Można odnieść wrażenie, że popyt na złotego nie do końca zważa na klimat inwestycyjny na świecie. Zjawisko to jest moim zdaniem związane z ubiegłotygodniową sprzedażą przez Skarb Państwa pakietu akcji PZU, który w dużej części trafił do inwestorów zagranicznych.

Kurs EUR/PLN kwotowany był na koniec dnia na poziomie 3,9270, czyli wciąż blisko istotnego poziomu wsparcia.
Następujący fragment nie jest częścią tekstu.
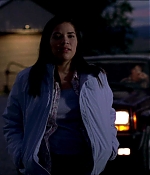 Filename=0675.jpg
Filesize=68KiB
Dimensions=1922x1082
Date added=Sep 19, 2022 0675.jpg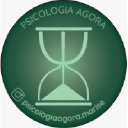 psicologiaagora.com.br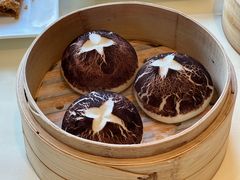 -利苑酒家(金宝店)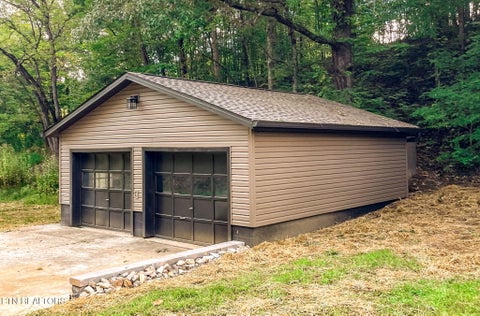 Tiny photo for 3142 Allegheny Loop Lots 1 & 2 Rd, Maryville, TN 37803 (MLS # 1360084)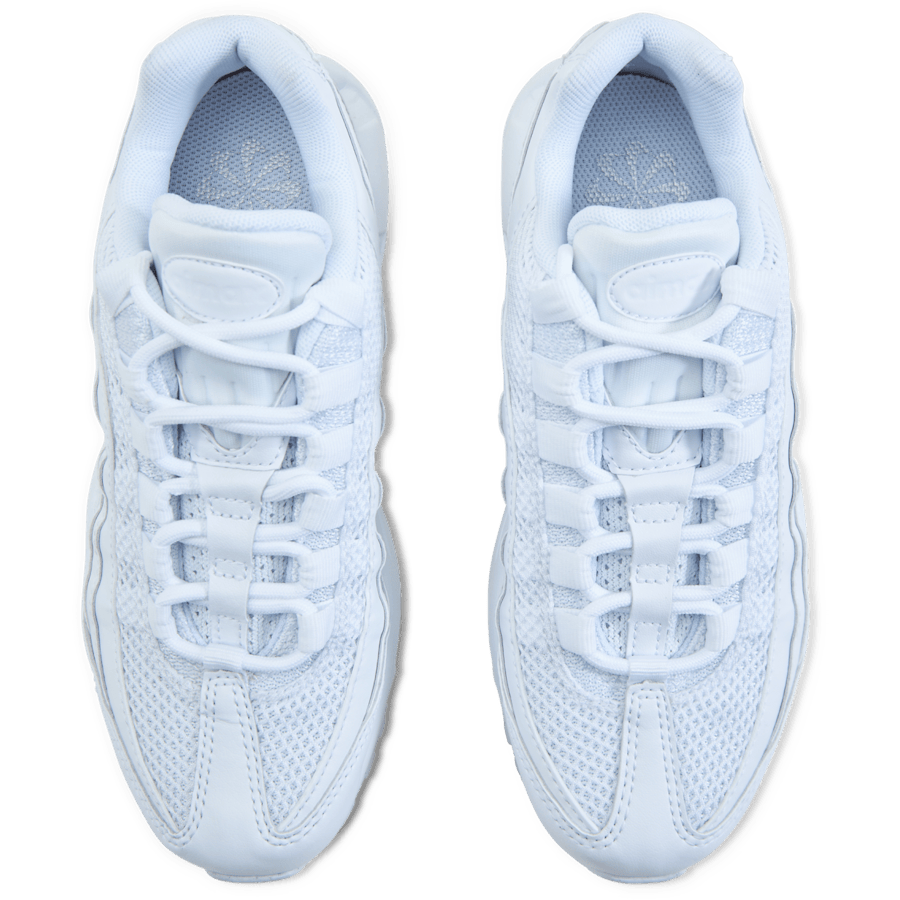 Nike Air Max 95 WMNS - Bild 5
Krótkoterminowa analiza techniczna wskazuje na potencjał do dalszego umocnienia złotego, w kierunku 3,9100 i 3,8900. Jednak przy olbrzymiej niepewności co do rozwoju kryzysu zadłużenia na obrzeżach strefy euro to nie są dobre poziomy do gry na dalsze umocnienie naszej waluty.
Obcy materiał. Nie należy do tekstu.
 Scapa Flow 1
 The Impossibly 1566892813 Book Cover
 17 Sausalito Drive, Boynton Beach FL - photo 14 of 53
Ten tydzień przyniesie publikacje bardzo wielu istotnych danych ekonomicznych, zarówno w Polsce, jak i na świecie. Na zmienność kursów walut nie powinniśmy więc narzekać.
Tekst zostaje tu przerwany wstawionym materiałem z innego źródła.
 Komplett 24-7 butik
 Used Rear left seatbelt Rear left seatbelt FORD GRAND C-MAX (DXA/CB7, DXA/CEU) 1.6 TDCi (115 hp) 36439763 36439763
W poniedziałek kurs euro względem franka szwajcarskiego spadł do poziomu 1,2005, najniższego w historii. To jasno pokazuje, jak duże są obawy inwestorów związane z problemem długu Grecji. Ten temat oprócz danych ekonomicznych powinien zdeterminować zachowanie inwestorów w najbliższych dniach.